ASSIGNMENT.
Retype every record exactly. Leave the pictures out.

EXTRACTED MATERIAL.
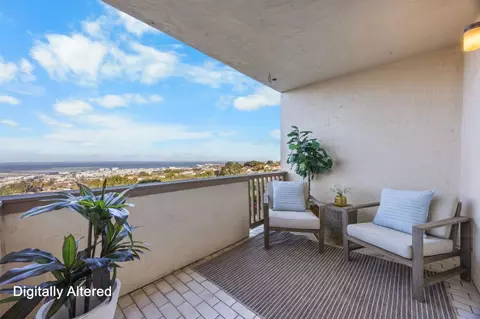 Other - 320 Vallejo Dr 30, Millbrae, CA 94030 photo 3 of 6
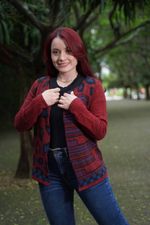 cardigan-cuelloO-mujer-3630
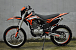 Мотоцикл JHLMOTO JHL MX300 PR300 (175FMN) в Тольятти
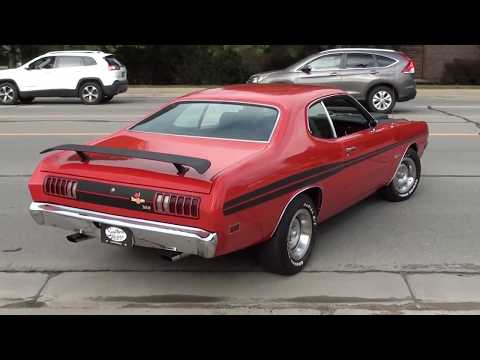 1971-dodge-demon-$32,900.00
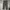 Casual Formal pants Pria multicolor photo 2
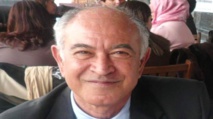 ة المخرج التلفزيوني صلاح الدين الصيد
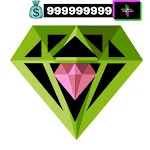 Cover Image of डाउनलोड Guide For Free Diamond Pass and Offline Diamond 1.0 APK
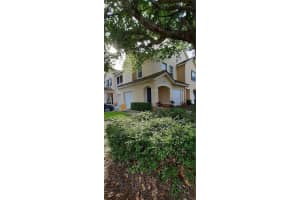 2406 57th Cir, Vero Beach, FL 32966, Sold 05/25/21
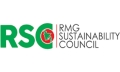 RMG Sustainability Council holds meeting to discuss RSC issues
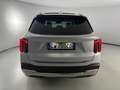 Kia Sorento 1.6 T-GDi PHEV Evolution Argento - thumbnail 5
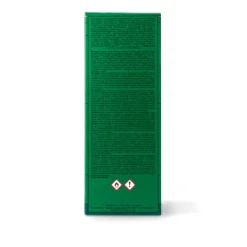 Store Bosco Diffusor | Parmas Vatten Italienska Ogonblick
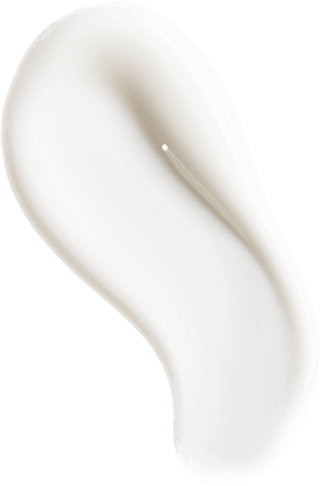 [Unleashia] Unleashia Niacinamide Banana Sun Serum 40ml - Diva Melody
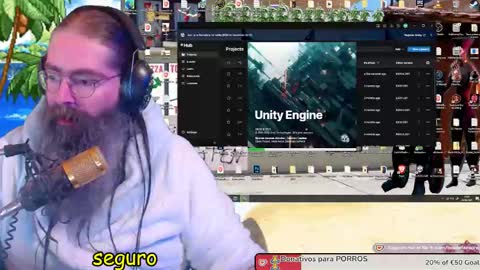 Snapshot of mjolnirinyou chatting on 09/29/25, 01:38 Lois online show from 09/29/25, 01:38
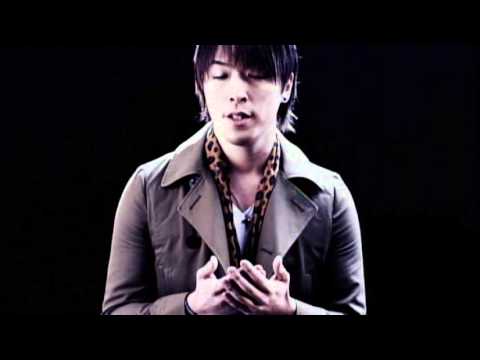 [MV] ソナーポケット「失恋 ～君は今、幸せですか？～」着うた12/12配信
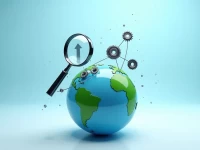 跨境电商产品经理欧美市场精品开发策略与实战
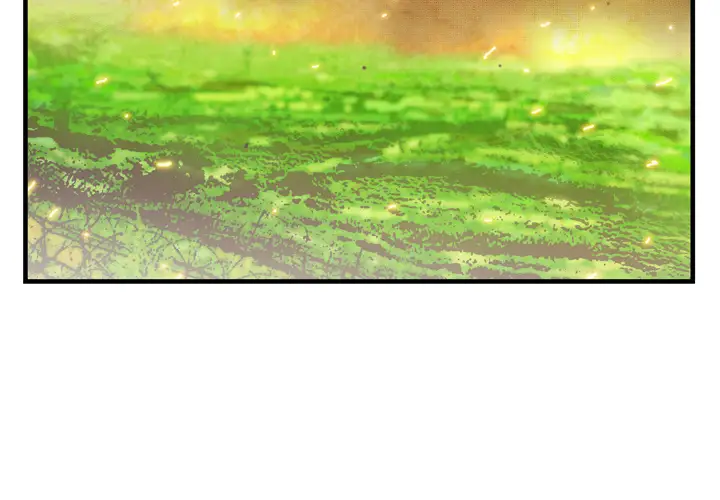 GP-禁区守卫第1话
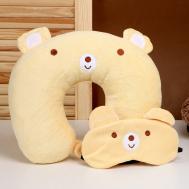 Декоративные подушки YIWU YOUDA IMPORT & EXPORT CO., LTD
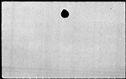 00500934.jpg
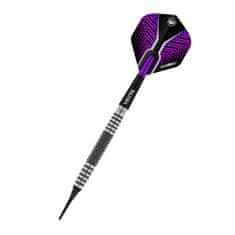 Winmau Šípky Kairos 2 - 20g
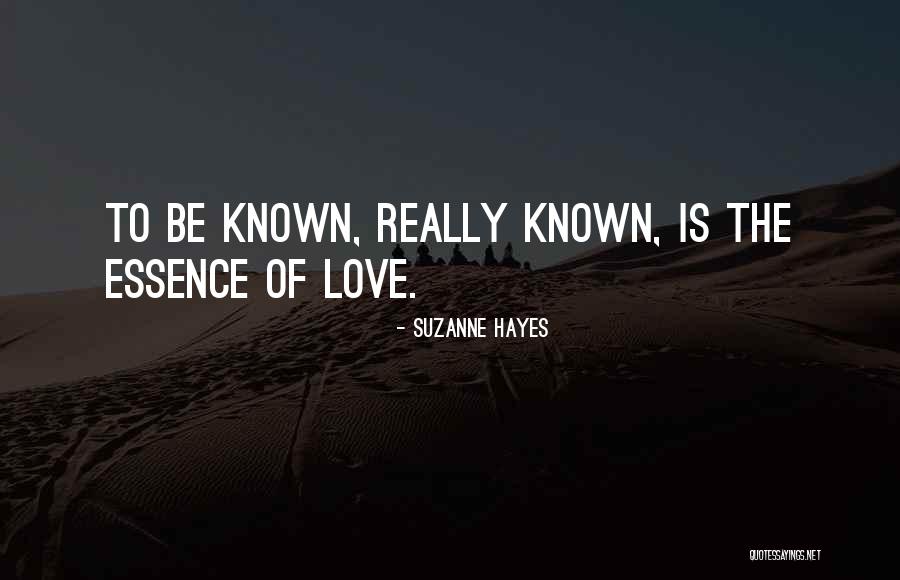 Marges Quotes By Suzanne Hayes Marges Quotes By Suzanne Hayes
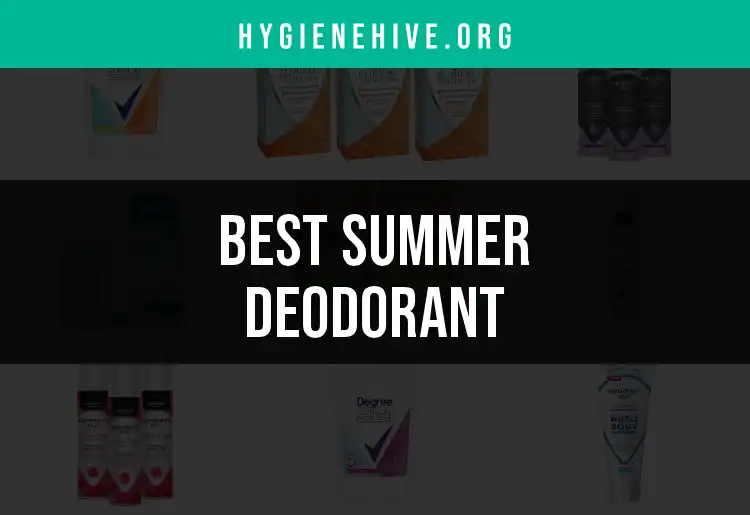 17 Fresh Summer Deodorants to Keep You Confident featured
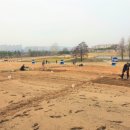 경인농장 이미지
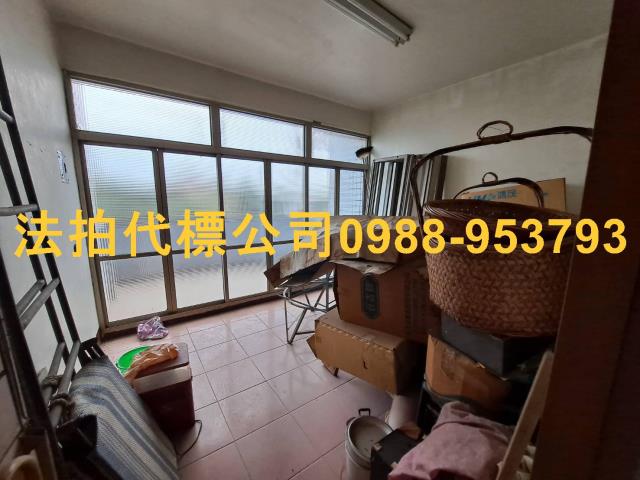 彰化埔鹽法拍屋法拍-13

EXPECTED ANSWER.
 Other - 320 Vallejo Dr 30, Millbrae, CA 94030 photo 3 of 6
 cardigan-cuelloO-mujer-3630
 Мотоцикл JHLMOTO JHL MX300 PR300 (175FMN) в Тольятти
 1971-dodge-demon-$32,900.00
 Casual Formal pants Pria multicolor photo 2
 ة المخرج التلفزيوني صلاح الدين الصيد
 Cover Image of डाउनलोड Guide For Free Diamond Pass and Offline Diamond 1.0 APK
 2406 57th Cir, Vero Beach, FL 32966, Sold 05/25/21
 RMG Sustainability Council holds meeting to discuss RSC issues
 Kia Sorento 1.6 T-GDi PHEV Evolution Argento - thumbnail 5
 Store Bosco Diffusor | Parmas Vatten Italienska Ogonblick
 [Unleashia] Unleashia Niacinamide Banana Sun Serum 40ml - Diva Melody
 Snapshot of mjolnirinyou chatting on 09/29/25, 01:38 Lois online show from 09/29/25, 01:38
 [MV] ソナーポケット「失恋 ～君は今、幸せですか？～」着うた12/12配信
 跨境电商产品经理欧美市场精品开发策略与实战
 GP-禁区守卫第1话
 Декоративные подушки YIWU YOUDA IMPORT & EXPORT CO., LTD
 00500934.jpg
 Winmau Šípky Kairos 2 - 20g
 Marges Quotes By Suzanne Hayes Marges Quotes By Suzanne Hayes
 17 Fresh Summer Deodorants to Keep You Confident featured
 경인농장 이미지
 彰化埔鹽法拍屋法拍-13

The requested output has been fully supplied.